Commentary: Taking on the masters of war

At the 2021 annual shareholder meeting of the U.S. weapons manufacturer General Dynamics, shareholders turned out to confront the company’s board of directors, asking how they justify the destruction and death they’ve helped cause.

Medea Benjamin, co-founder of the peace group CODEPINK, to which I also belong, used her shareholder question last year to ask CEO Phoebe Novakovic how she justifies making $21 million a year, while in 2016 a 2,000-pound bomb made by General Dynamics hit a Yemeni marketplace killing 97 civilians, including 25 children. Novakovic, in response, said General Dynamics' role is ultimately to "support the U.S. military and U.S. foreign policy."

This year’s shareholder meeting, held on May 4, was completely online, with an audio-only broadcast, no chat function and a question submission box that was disabled without explanation halfway through the meeting. General Dynamics was able to speed through the 24-minute meeting with no pushback, criticism or engagement from shareholder attendees.

Among the proposals before the board was a request from the Franciscan Sisters of Allegany in New York that the company prepare a human rights report to address and remedy the “actual and potential human rights impacts associated with high-risk products and services.”

As the sisters pointed out, General Dynamics’ products and services are used by Saudi Arabia, the United Arab Emirates, Bahrain, Egypt, Israel and U.S. government agencies at the U.S.-Mexico border. The company’s weapons have been used in war crimes and human rights violations against Yemenis, Palestinians, asylum-seekers and others. A 2019 Amnesty International report found that General Dynamics did not meet its responsibilities under human rights law.

The board unanimously recommended a vote against this, saying it would “undermine shareholder value” by attempting to “embed radical skepticism toward U.S. foreign policy.” During the shareholder meeting itself, CEO Novakovic said “we have supported the U.S. government’s foreign policy, and we will continue to do that—if that is at odds with anyone else’s view, that is something you should take up with your representative. But that is not appropriate to ask at this meeting.”

General Dynamics, based in Reston, Virginia, is part of a defense contractor tradition of spending millions of dollars each year on lobbying to shape U.S. policy. According to the watchdog group Open Secrets, weapons manufacturers have spent more than $2.6 billion on lobbying in the past two decades, and have been rewarded with “half of the $14 trillion allocated to the Department of Defense (DOD) during that time.” For every $1 Lockheed Martin spent on lobbying in 2020, it received $5,803 from DOD contracts.

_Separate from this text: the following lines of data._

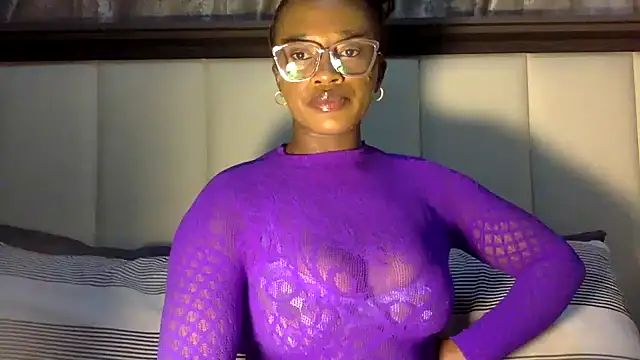 BOOTYBANGER24xx online show from 01.07.25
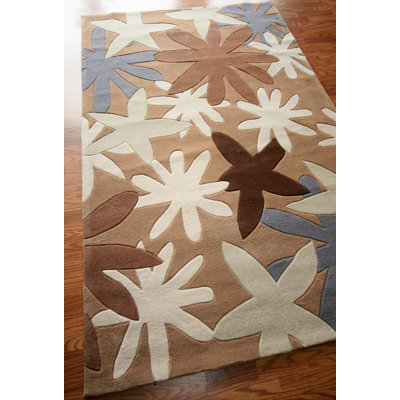 Sepviva Rug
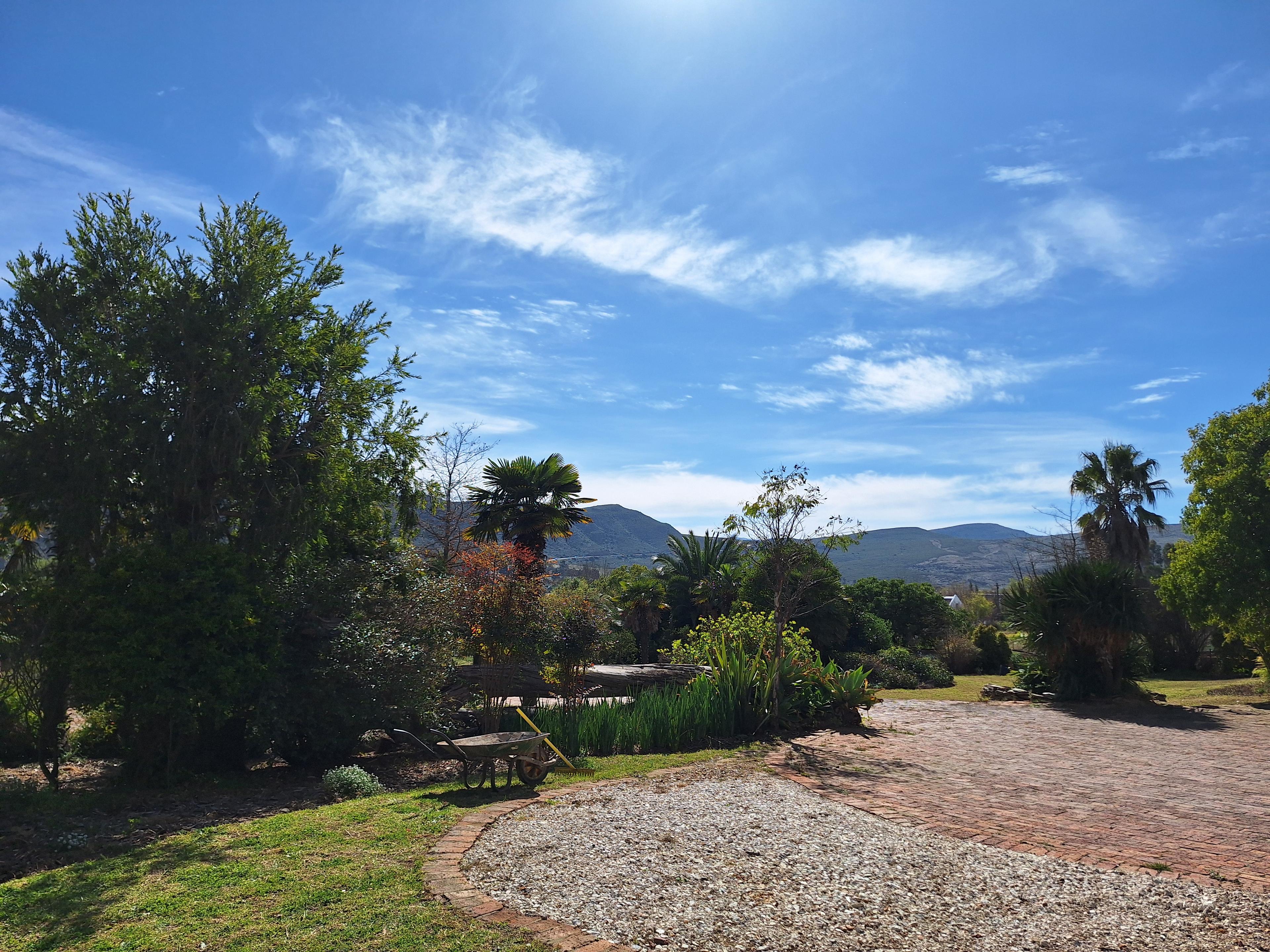 Image 4 of 6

Defense contractors like General Dynamics and Lockheed Martin hide behind a veneer of serving the U.S. government, but ultimately only care about selling weapons and making profits. It is against their self-interest to provide transparency around their human rights practices, because the more weapons they sell, the better.

This is why now is a critical time to pull money away from these weapon-making corporate behemoths. Divestment by churches, universities, or municipalities not only pulls financial resources from these death-dealing corporations but also demonstrates that there are dissenting communities across the United States.

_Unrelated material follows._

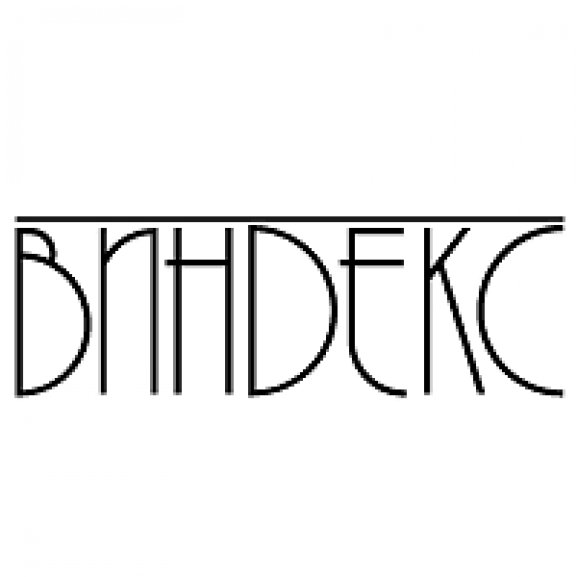 Logo of Vindex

Pushing your congressional representatives to refuse to take campaign contributions from weapons manufacturers is another powerful way to disrupt weapon manufacturers’ manipulation of U.S. policy for their own benefit.

Weapons manufacturers are pulling in immense profits from militarized violence in Ukraine, Yemen, Myanmar, Somalia and elsewhere. But we all have more power than we think, and an important first step for building a demilitarized future is pulling away money — and power — from these weapons profiteers.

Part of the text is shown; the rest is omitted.